The secrets of the art ones can finally be spoken. Having gone to a school that was too expensive then and ridiculously so now, I am a fully qualified shaman of these mysteries. Line up to the left of the Hibachi and keep the coals smoldering.

The great truth is an anthem that has rung true from the beginnings of byzantine painting to the abstract impressionists:

Warm colors advance, cool colors recede.

That is the first axis. Hue, the amount of color & it’s context are primary definitions of what will be perceived in which order.

Sounds simple, doesn’t it? Like a little saying to remember a musical scale, it is easy to recall. It happens to be the basis of hundreds years of painting explorations, which influenced a couple of formal design philosophies - what some people call Swiss Modernism & the International Style.

The real connector here is a Mazdaznanian cultist employed by the Bauhaus - Johannes Ittens. In a nutshell, he liked to draw mandalas and label them. Now we call them color wheels. His codifications of color theory have been disseminated by Bauhaus students who became teachers, and their students, globally since 1919.
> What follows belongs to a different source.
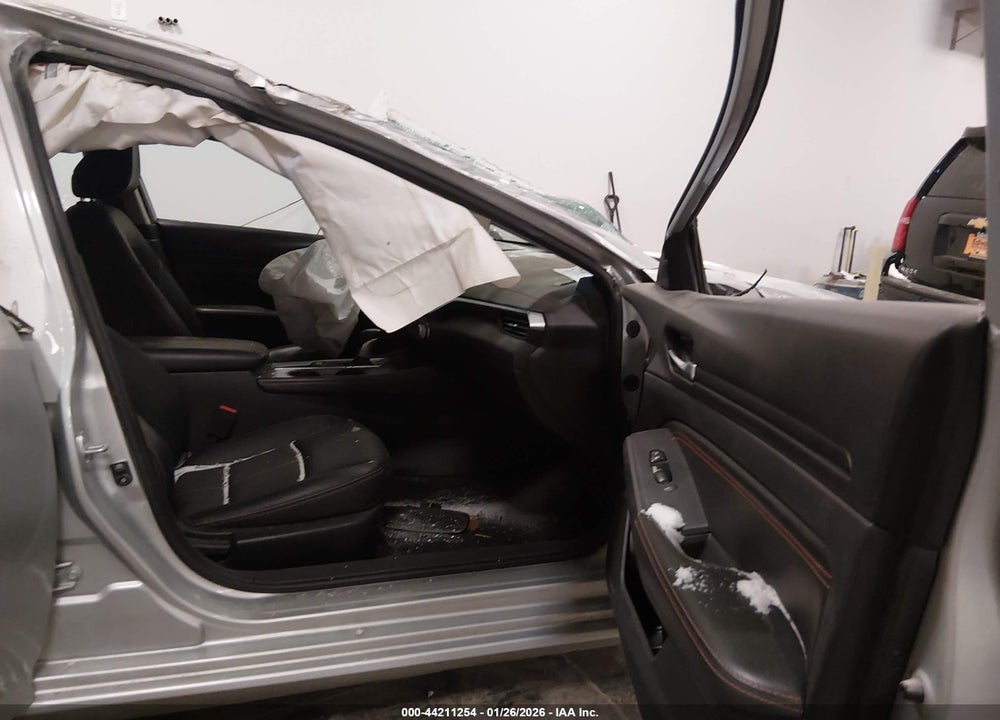 2021 NISSAN ALTIMA SR FWD VIN: 1N4BL4CV6MN390289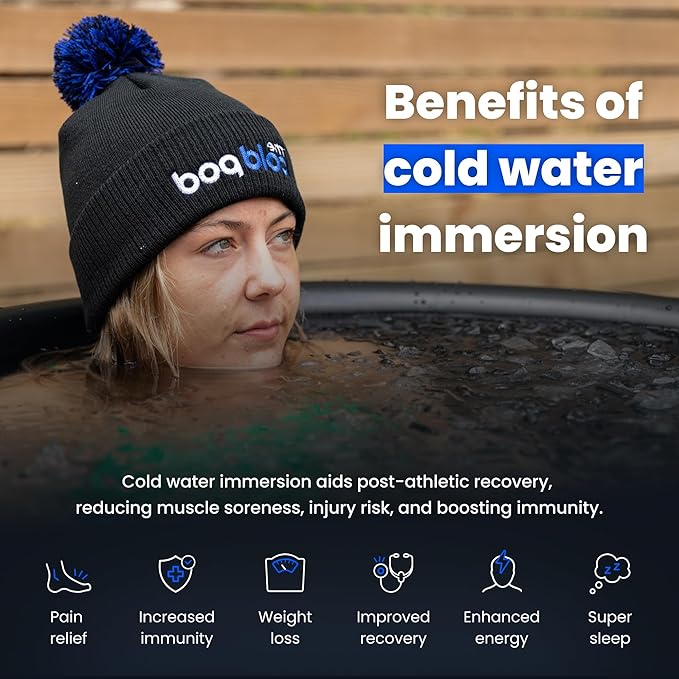 The Cold Pod Insulated Ice Bath Tub HK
Historical theatrics aside - I am trying to pad this because it is really pretty straightforward - warmer colors dominate your attention. But wait, there’s more.

The other axis is a cognitive one that is more elemental than color - our perception of contrast.

The highest point of contrast becomes a focus point as well.

This is strictly about tone; the interplay of light and dark. Shape and scale work in a different way; context is more important here. A good example would be stars - not that bright or large, but you can’t help but notice them.

So imagine two sliders, one that goes from warm to cool colors, one from high to low contrast. High contrast and warm colors converge at one end of the slider, but cool high contrast areas can dominate perception if the context is controlled.

Additionally, the scale is relative. In a very pastel environment, we are still biologically compelled to compare & discern. We will look for the warmer tones & highest available contrast.

So there you have. Welcome to priesthood, those tattoos will heal in a just few weeks, and you’ll be ready for the piercing.

Comments

Helpful posting, and one that more developers should read. You ought to post this over at http://www.dzone.com - a digg-like site specifically for developers. I bet people would like it there.

This is a great intro. I've been looking for a concise set of tutorials about color theory and presentation as it applies to UI. looking forward to the rest!

Interesting article. I am curious as to why you chose a high-contrast menu with warm colours to pull the eye away form the text though.

Hi uberalux

I think you make a good point about the warm colors - they happen to be the visual code for "link" on the site though, so there is a symbolic element to the choice.

But the grey background behind the links allows the column to remain black type on white; the highest point of contrast. [It's relative.] Not sure it quite trumps the warm hue though.